Voodoo Island (1957)

Director: Reginald Le Borg

RATING:

1 / 5 zedheads




In my post "Zombies: The Karloff Connection," I wrote that Karloff's depiction of Frankenstein's monster inspired the representation of zombies in future films, yet Karloff never starred in a proper zombie film. In the comments section, Brother D, friend and esteemed host of the MAIL ORDER ZOMBIE podcast, reminded me that Karloff did star in the 1957 feature Voodoo Island. Now, Brother D is a man I respect. His knowledge of horror music scores and zombie media is praiseworthy, and his insightful reviews always impress me. In this case however, I disagree. Voodoo Island is NOT a zombie movie.

Rather, Voodoo Island is a mess of a movie that makes little sense. It begins with Boris Karloff as Phillip Knight, professional skeptic, who is hired by a wealthy industrialist to investigate an island the industrialists plans to develop into a luxury vacation getaway. Knight is eager to get to work and assemble his team to debunk the supposedly supernatural occurrences on the island. Knight's team includes the only crew member to return alive from the last surveying team sent to the island, but this crew member isn't very useful as he returned in a catatonic, "zombie-like" state.




This character, we presume because of the title, has been turned into a zombie by the power of voodoo. At first, he seems to be under some kind of spell, reacting oddly to music and the sight of psuedo-voodoo dolls seen along the way. He may be under some kind of spell, but the movie is so convoluted and disorganized that his character and purpose is never explained. There's not enough here to say he is, in fact, a zombie. At the end of the film, another character falls into the same catatonic, "zombie-like" state, but this is clearly not the work of magic but rather the trauma of witnessing the horrors on the island. As far as I'm concerend, there's not enough to suggest either is a zombie.

What does the rest of the movie have going for it? Very little. It's poorly paced and the voodoo angle makes no sense. In fact, voodoo barely plays a role in the picture. When it does, it looks nothing like genuine voodoo or even the bastardized movie version of voodoo. For one, the film clearly takes place on the Pacific Islands and not anywhere where voodoo exists. Second, voodoo is never really a presence in the film. Characters spend more time fighting with goofy-looking and oddly-sexual carnivorous plants. The plants, created by special effects out of inflatable tubes and balloons, kill most of the trespassers on the island as well as some of the "voodoo"-practicing natives. Voodoo Island can't figure out if it wants to be an uncanny mystery, voodoo exploitation tale, or monster plant movie. As a result, it becomes a whole lot of nothing.





There's some unintentional hilarity in watching actor Rhodes Reason lay on some thick machismo in the awkward love story between his character Matthew Gunn and Knight's assistant Sarah Adams (Beverly Tyler), but the majority of the movie is a sad bore.

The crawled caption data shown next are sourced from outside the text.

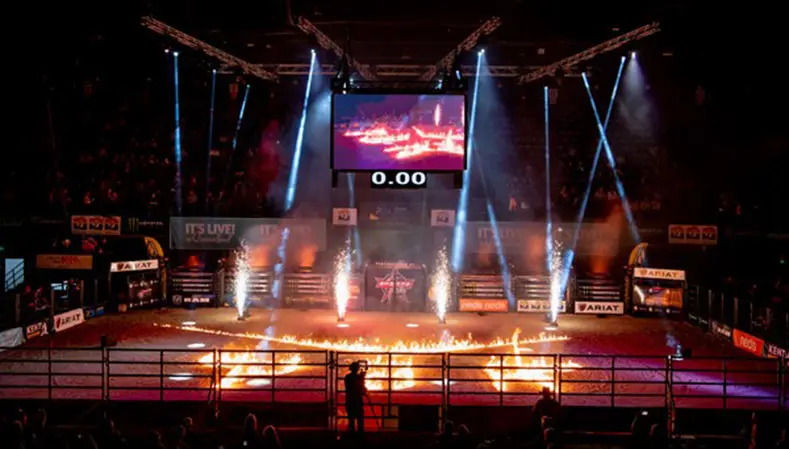 PBR Australia announces 2021 Monster Energy Tour schedule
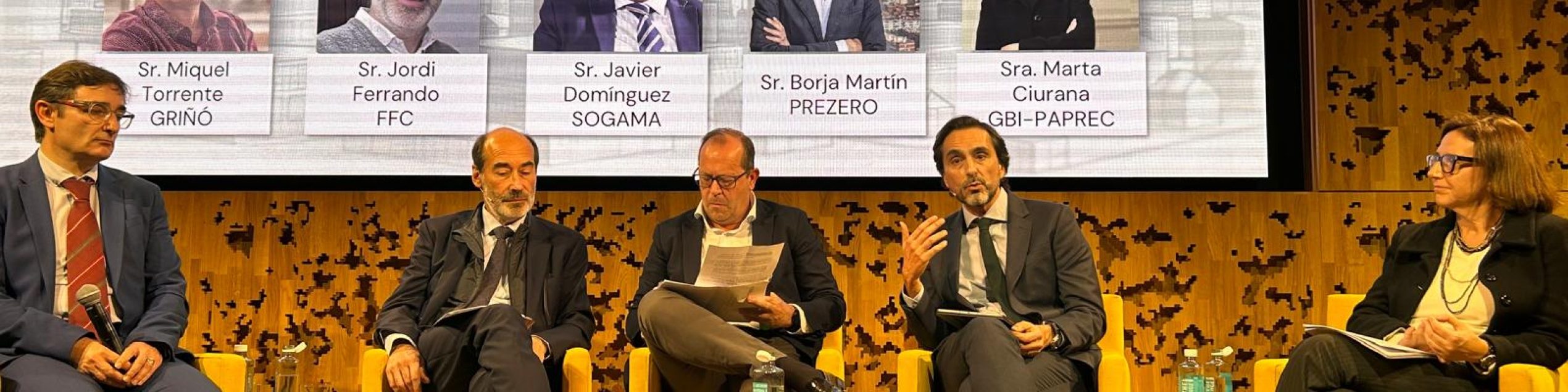 Biometanización y valorización energética claves residuos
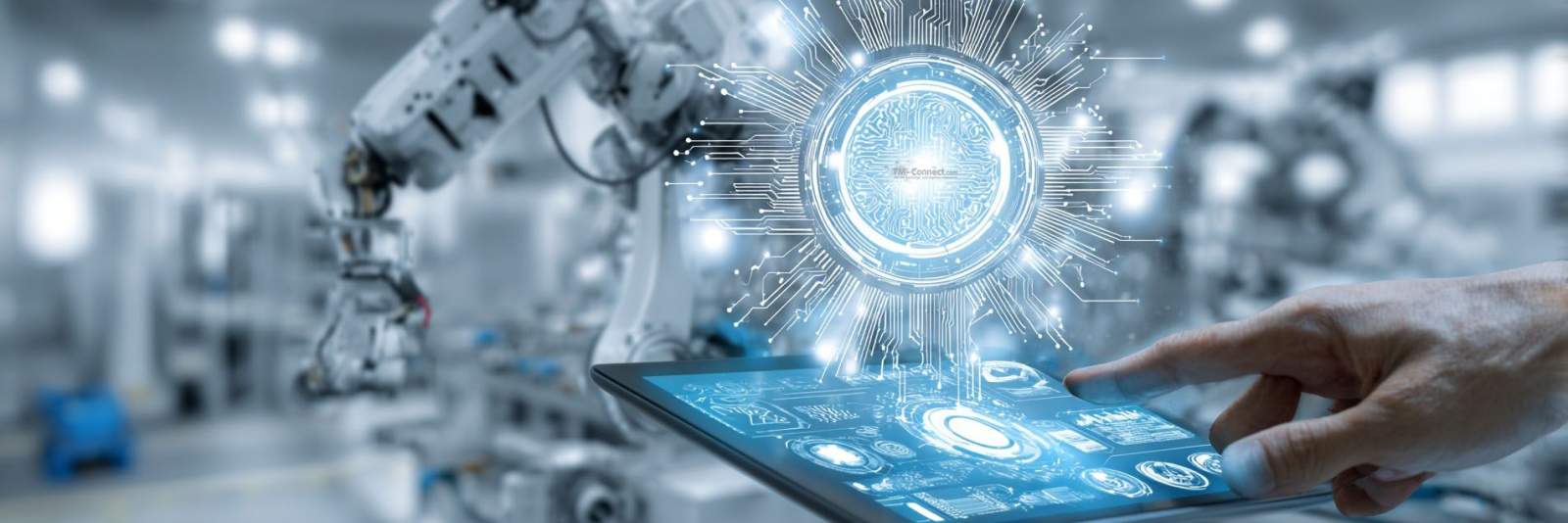 KI-gestützte Automatisierung von Facility-Management-Abläufen und Prozessen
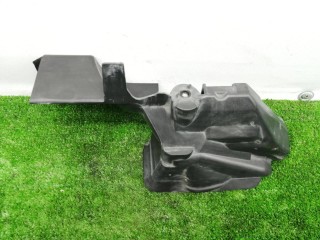 воздуховод (дефлектор) радиатора, ориг. номер BS718311AA, Ford S-Max 1 поколение [рестайлинг] 2010-2015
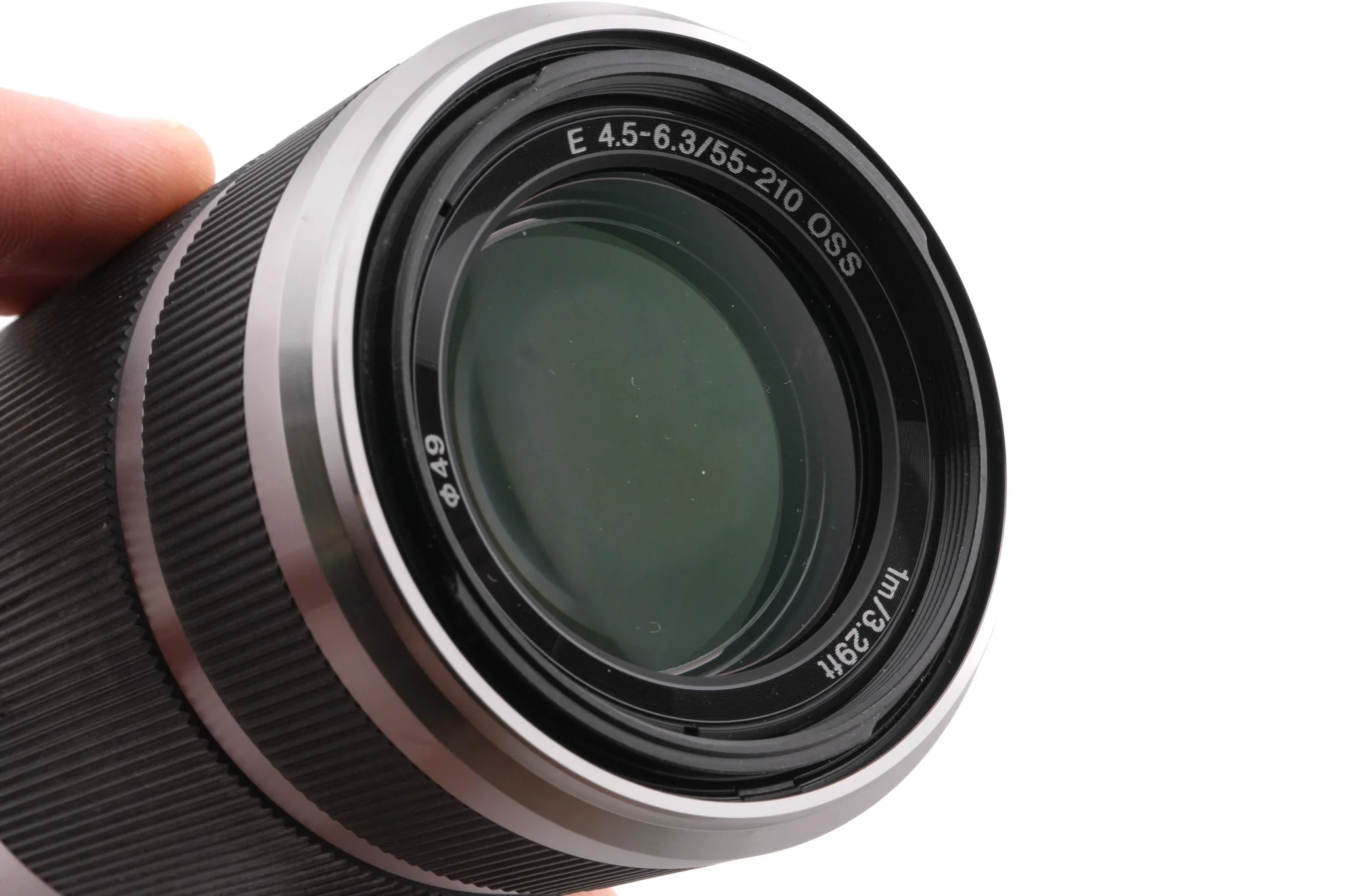 Sony 55-210mm f4.5-6.3 OSS (SEL55210) - Image 3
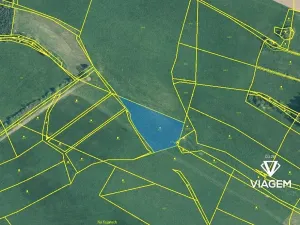 Prodej podílu pole, Volyně, 820 m2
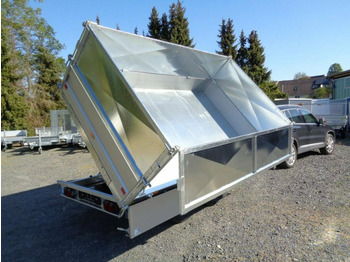 翻斗拖车 Böckmann, PKW Anhänger, Elektro-Kipper, 2,7 to. Kastenaufsatz:图4 翻斗拖车 Böckmann, PKW Anhänger, Elektro-Kipper, 2,7 to. Kastenaufsatz:图4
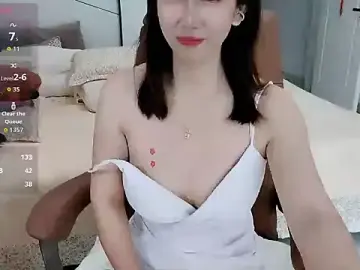 Stripchat Best Webcam of Leila-11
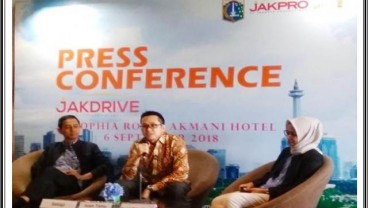 Jakpro Bentuk Lembaga Pembiayaan Infrastruktur Buat DKI Jakarta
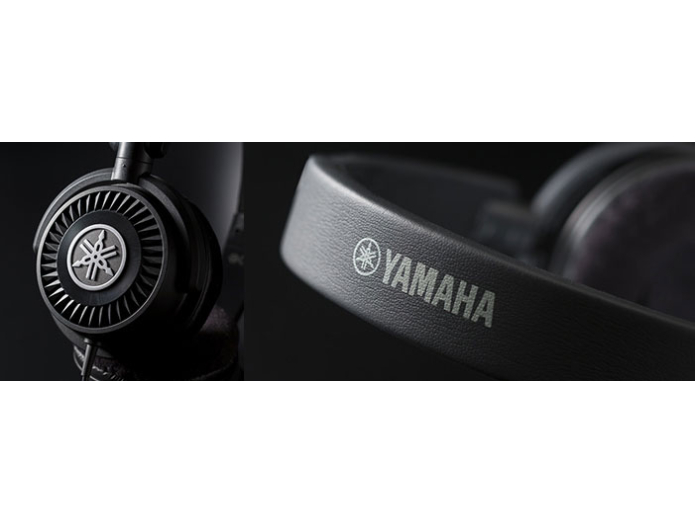 Yamaha HPH-150 Headphone (White)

A poor film in Karloff's career and and even poorer attempt at a voodoo zombie film.

1 comment:

  1. I definitely agree with your rating of this movie. It's not very good. It's kind of depressing because Karloff is such a stellar draw, but even his presence couldn't save this movie (oh well . . . I'm more of a Lugosi fan anyway . . . ).

    Although I would still say this movie is "zombie enough" to be counted amongst the pre-Romero-era zombie films. It's a stretch, but back then, most of these movies were stretching the definition of what a zombie is anyway.

    Either way, both you and I probably spent more time talking about this movie than it deserves!